Go to AAD Home
Donate For Public and Patients Store Search

Go to AAD Home
Welcome!
Advertisement
Advertisement

Pediatric diseases in disguise


Dermatologists discuss conditions that may be harder to diagnose in children.

Feature

By Allison Evans, Assistant Managing Editor, October 1, 2025

Image of a comical fake nose and glasses to illustrate the DermWorld feature Pediatric diseases in disguise.

Despite years of rigorous training and experience, even the best dermatologists may miss a pediatric diagnosis, particularly for dermatologists who don’t see as many pediatric patients. Some conditions simply present differently in children than adults while others may be less commonly seen in practice.

Pediatric dermatologists discuss dermatologic conditions that may be harder to diagnose in kids, as well as their common mimickers, and offer clinical clues to help improve decision-making.

Alopecia

“One hair condition that is often missed or misdiagnosed is diffuse alopecia areata, which is more of a thinning rather than what we usually think about for alopecia areata, a discrete patch or patches of hair loss that are smooth,” said Brittany Craiglow, MD, FAAD, a private practice pediatric dermatologist in Fairfield, Connecticut, and associate professor of dermatology at Yale School of Medicine.
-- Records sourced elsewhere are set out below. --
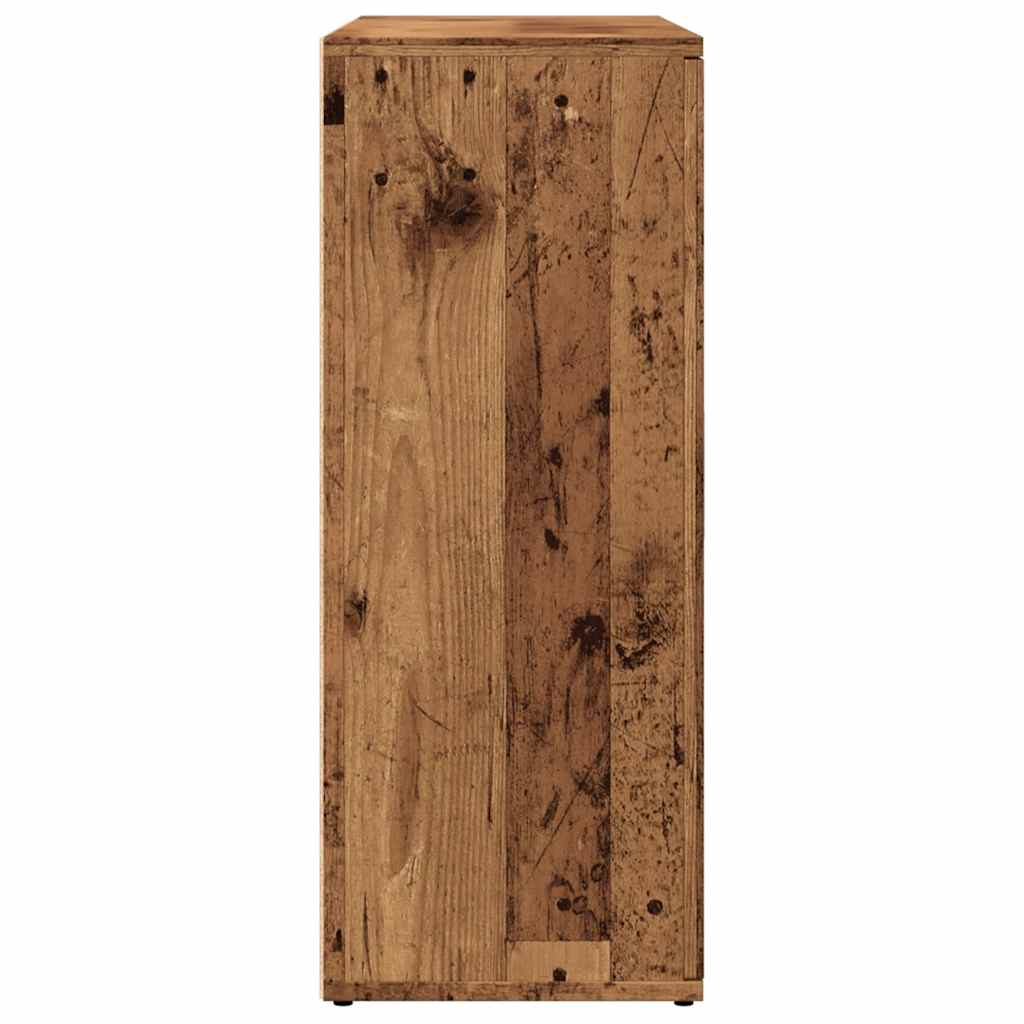 skænk 91x29,5x75 cm konstrueret træ antikt trælook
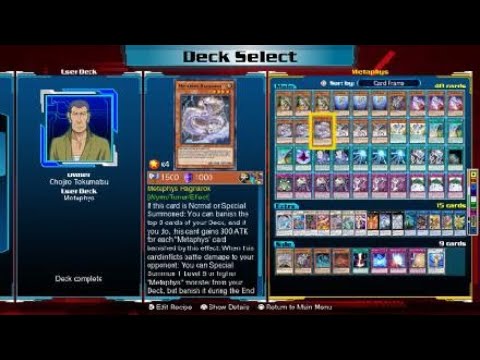 Yu-Gi-Oh! Legacy of the Duelist : Link Evolution_Metaphys Deck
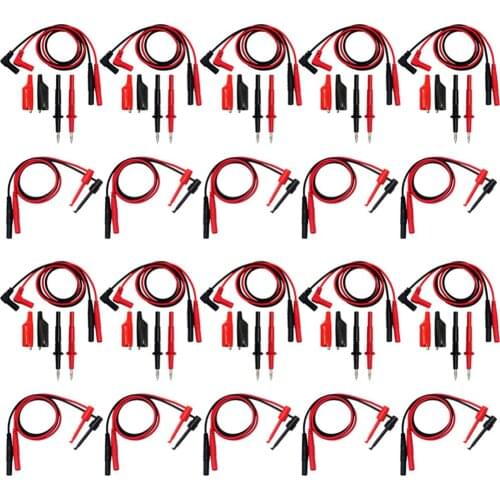 Aidetek 10 test leads for multimeter tester TL809 Electronic Test Lead Kit 10TLP1070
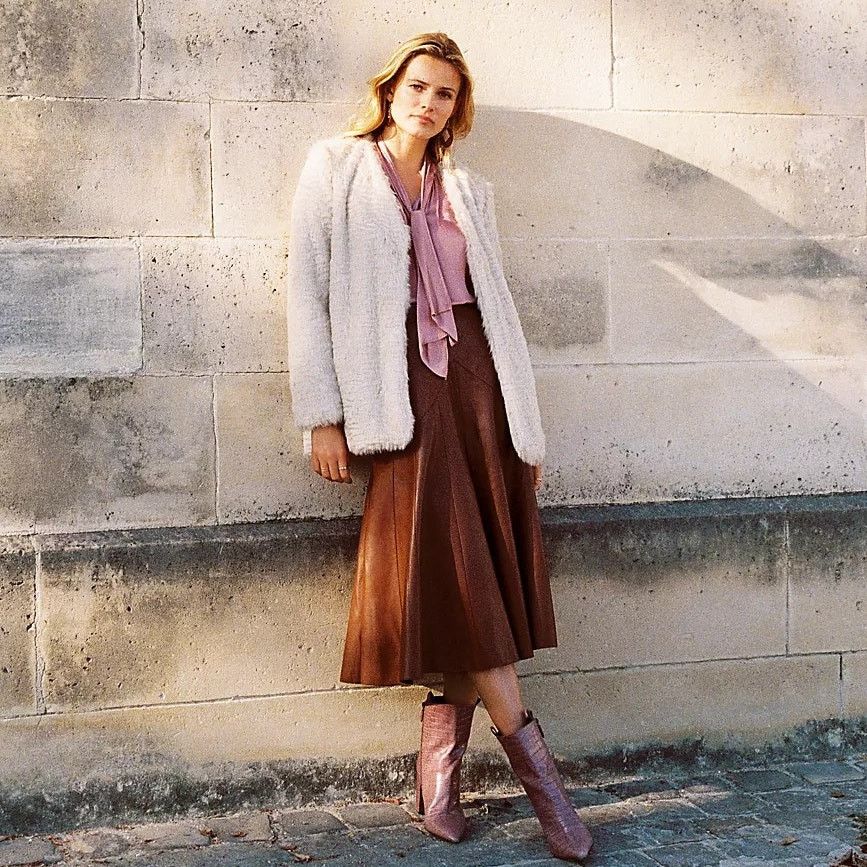 Anthropologie New Anthropologie Noemie Ultra Plush Faux Fur Coat $220 Size S / US 4 / IT 40 - 4 Thumbnail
“Alopecia areata is typically a straightforward diagnosis, but cases of mild diffuse alopecia areata can be very subtle,” Dr. Craiglow added. In more severe cases, a child may have generalized shedding at the onset, which is often initially misdiagnosed as telogen effluvium, a relatively uncommon condition in kids, she continued. “Dermatologists should examine all hair-bearing sites because patients may have patches on their extremities or involvement of eyebrows and/or eyelashes. Fingernail pitting may also provide another clue as well as a medical history of concomitant atopy.”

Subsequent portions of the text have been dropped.